Exercise description: Transcribe exactly, and only, the lines from the one with "ขาย รถบัสรับนักเเรียน 26-28 ที่นั่ง" through the end of the records below, including both of those lines. Skip all pictures.

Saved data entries
▬▬▬▬▬▬

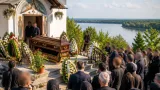Valentina, tânăra găsită într-o valiză în Olt, condusă astăzi pe ultimul drum la Filiași
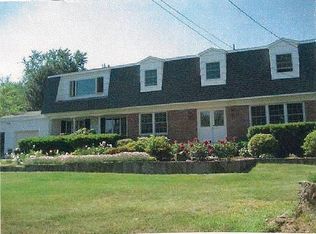3 Crieff Ln, New City, NY 10956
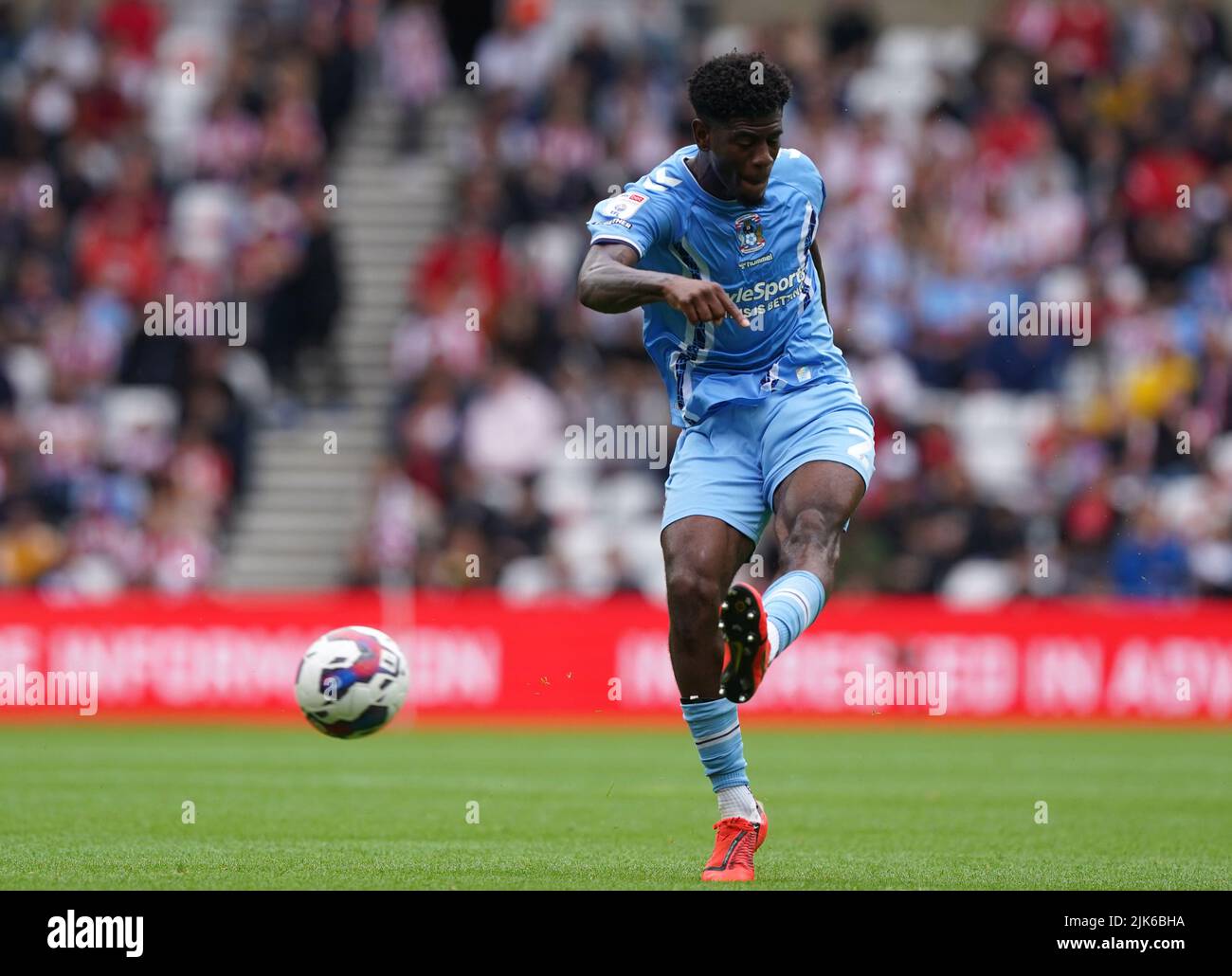 Coventry City's Jonathan Panzo attempts a shot on goal during the Sky Bet Championship match at the Stadium of Light, Sunderland. Picture date: Sunday July 31, 2022. Stock Photo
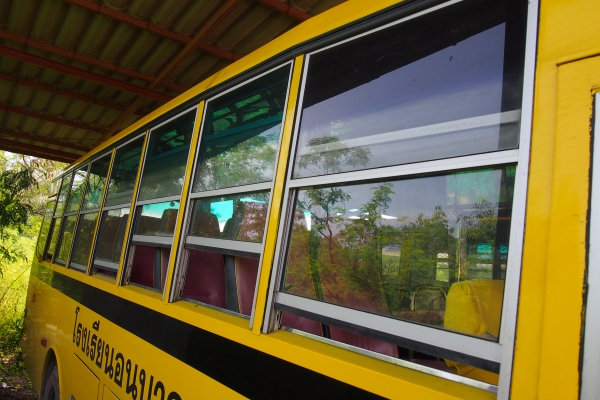 ขาย รถบัสรับนักเเรียน 26-28 ที่นั่ง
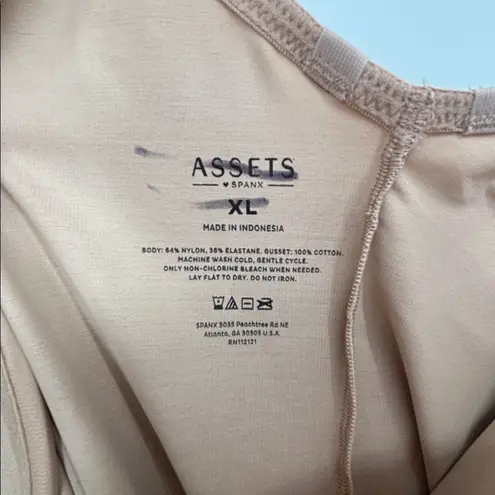 ASSETS BY SPANX Flawless Finish Shaping Cupped Bodysuit Women’s Size XL NWT! Tan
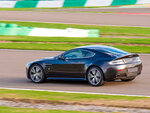 SMARTBOX - Coffret Cadeau Stage de pilotage : 3 tours sur le circuit de Trappes en Aston Martin V8 Vantage - Sport & Aventure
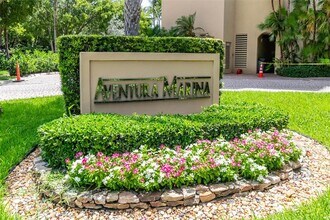 3340 NE 190th St in Aventura, FL - Building Photo - Building Photo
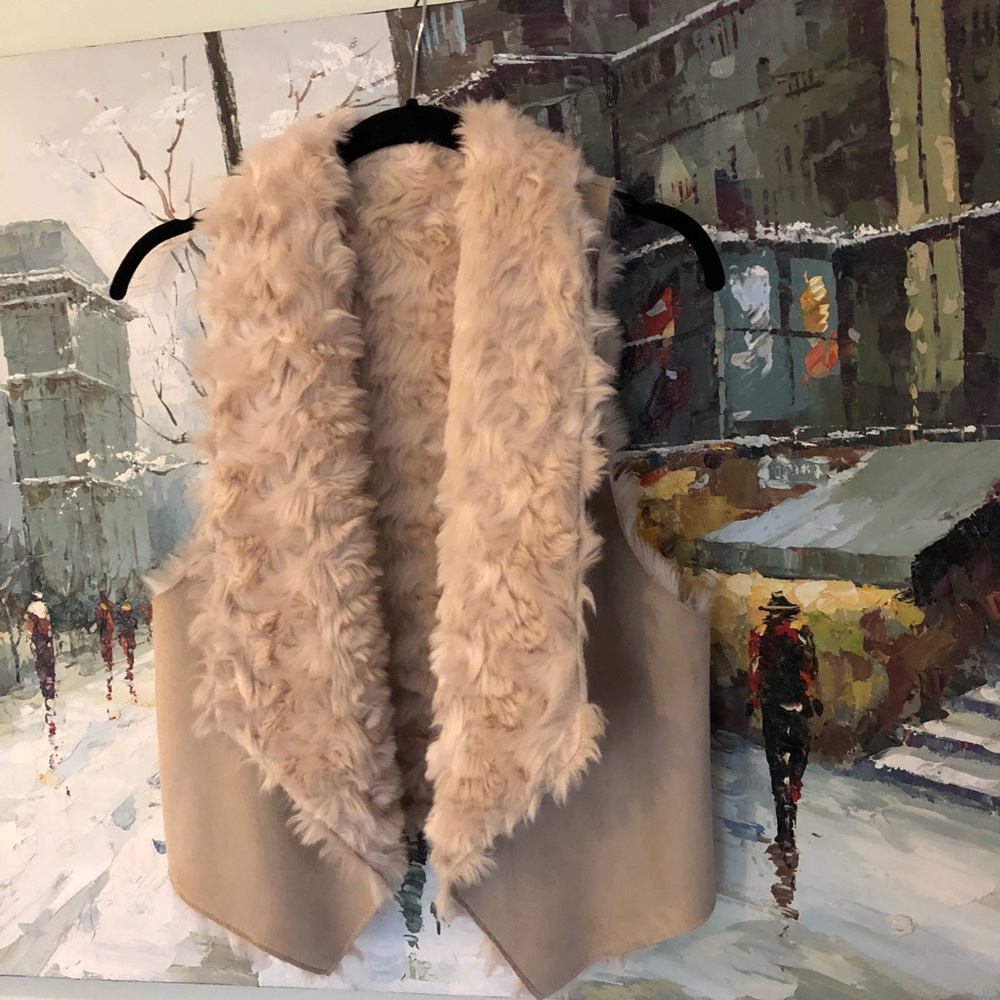 Vest - Picture 4 of 8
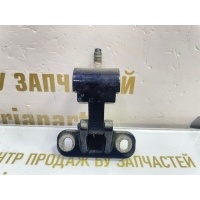 Петля крышки багажника Volkswagen Touareg 3 CR7 до рестайлинг 2020 8V3827299C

▬▬▬▬▬▬

Task answer:
 ขาย รถบัสรับนักเเรียน 26-28 ที่นั่ง
 ASSETS BY SPANX Flawless Finish Shaping Cupped Bodysuit Women’s Size XL NWT! Tan
 SMARTBOX - Coffret Cadeau Stage de pilotage : 3 tours sur le circuit de Trappes en Aston Martin V8 Vantage - Sport & Aventure
 3340 NE 190th St in Aventura, FL - Building Photo - Building Photo
 Vest - Picture 4 of 8
 Петля крышки багажника Volkswagen Touareg 3 CR7 до рестайлинг 2020 8V3827299C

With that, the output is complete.